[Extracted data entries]
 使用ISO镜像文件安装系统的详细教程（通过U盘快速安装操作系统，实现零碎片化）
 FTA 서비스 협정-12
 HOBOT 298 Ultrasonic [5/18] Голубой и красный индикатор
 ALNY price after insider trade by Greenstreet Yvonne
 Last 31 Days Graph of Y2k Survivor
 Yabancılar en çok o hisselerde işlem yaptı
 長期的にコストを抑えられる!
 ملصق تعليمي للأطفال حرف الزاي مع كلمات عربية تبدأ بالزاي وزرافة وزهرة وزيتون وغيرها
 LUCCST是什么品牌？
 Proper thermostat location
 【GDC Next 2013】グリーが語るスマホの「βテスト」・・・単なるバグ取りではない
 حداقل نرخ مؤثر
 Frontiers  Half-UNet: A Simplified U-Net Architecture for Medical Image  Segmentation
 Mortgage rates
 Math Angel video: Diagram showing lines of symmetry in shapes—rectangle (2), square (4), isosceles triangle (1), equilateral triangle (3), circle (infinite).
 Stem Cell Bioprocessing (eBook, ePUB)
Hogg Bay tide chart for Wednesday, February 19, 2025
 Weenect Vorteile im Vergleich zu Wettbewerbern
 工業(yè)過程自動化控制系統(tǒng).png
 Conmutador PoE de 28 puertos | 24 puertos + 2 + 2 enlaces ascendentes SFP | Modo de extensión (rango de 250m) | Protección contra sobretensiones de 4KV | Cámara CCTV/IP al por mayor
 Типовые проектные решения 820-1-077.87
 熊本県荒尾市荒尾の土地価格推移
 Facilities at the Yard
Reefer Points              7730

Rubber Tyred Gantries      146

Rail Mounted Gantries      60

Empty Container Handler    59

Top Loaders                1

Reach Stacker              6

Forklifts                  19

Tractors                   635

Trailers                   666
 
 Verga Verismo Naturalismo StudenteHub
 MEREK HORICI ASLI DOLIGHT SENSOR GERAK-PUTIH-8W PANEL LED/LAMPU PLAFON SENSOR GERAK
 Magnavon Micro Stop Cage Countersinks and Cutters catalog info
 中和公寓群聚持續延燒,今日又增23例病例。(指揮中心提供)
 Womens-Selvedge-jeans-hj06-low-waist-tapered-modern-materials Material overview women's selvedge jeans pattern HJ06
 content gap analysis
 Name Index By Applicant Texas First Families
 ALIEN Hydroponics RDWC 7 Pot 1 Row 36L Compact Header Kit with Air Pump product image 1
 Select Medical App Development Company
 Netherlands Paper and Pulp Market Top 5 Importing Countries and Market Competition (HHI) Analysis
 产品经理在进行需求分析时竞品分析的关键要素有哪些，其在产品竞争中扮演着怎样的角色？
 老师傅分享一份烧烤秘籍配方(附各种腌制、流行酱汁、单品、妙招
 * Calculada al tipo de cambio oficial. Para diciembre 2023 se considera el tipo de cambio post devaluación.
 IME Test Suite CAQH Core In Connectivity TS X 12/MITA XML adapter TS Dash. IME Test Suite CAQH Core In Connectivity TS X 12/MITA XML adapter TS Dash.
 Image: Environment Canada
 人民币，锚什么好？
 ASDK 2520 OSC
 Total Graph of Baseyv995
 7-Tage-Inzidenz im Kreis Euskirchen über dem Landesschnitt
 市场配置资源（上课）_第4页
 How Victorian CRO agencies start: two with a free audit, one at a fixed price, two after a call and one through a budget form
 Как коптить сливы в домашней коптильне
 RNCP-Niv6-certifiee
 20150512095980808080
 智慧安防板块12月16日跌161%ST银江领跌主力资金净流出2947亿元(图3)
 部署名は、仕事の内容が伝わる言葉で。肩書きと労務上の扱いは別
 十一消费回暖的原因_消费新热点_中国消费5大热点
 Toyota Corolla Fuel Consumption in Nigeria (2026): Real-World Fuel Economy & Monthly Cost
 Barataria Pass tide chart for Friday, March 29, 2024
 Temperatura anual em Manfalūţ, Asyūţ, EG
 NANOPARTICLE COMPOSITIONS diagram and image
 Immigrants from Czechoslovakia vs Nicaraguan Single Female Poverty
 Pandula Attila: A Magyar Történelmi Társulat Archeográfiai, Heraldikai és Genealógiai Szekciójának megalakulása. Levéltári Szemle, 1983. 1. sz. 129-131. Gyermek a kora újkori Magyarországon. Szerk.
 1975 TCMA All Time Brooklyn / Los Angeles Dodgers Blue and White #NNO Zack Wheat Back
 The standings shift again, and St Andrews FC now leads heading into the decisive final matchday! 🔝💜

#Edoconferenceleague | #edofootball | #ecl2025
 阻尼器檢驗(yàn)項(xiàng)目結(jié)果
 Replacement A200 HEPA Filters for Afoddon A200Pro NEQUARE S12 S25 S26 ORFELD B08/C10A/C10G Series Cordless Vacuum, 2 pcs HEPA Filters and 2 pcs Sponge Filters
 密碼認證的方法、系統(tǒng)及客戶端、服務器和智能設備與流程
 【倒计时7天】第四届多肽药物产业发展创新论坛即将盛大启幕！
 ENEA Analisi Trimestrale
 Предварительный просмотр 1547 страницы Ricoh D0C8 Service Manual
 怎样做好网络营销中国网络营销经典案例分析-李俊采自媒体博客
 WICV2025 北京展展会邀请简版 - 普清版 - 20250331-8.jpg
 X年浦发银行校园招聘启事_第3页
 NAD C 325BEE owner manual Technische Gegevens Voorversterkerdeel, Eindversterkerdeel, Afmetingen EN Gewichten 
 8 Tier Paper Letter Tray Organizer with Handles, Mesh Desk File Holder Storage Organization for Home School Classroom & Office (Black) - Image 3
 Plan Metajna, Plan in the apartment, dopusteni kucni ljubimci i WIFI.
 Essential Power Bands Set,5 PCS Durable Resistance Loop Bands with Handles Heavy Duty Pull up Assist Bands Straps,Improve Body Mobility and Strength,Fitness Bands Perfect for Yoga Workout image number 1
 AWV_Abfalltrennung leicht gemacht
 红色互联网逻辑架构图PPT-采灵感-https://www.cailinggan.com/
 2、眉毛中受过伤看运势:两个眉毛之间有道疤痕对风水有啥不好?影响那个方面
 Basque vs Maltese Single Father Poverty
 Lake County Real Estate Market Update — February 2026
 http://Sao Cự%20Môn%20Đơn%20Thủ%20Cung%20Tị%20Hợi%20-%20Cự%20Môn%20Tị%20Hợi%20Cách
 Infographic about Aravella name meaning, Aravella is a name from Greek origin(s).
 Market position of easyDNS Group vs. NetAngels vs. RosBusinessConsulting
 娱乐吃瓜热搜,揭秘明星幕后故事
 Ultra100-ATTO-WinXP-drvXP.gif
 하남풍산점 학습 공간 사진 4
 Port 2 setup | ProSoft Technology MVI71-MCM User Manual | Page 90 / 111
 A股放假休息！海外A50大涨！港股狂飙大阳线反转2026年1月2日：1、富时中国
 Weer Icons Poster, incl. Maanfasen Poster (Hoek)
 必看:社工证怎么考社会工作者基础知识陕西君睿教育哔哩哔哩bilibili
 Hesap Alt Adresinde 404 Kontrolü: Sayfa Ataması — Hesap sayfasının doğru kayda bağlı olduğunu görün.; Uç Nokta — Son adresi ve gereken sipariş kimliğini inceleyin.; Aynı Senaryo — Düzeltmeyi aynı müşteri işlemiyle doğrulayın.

- [What the exercise asks]: Checking the data above line by line, please work out how many lines include "Handles", and reply with the number only.

- [Task result]: 2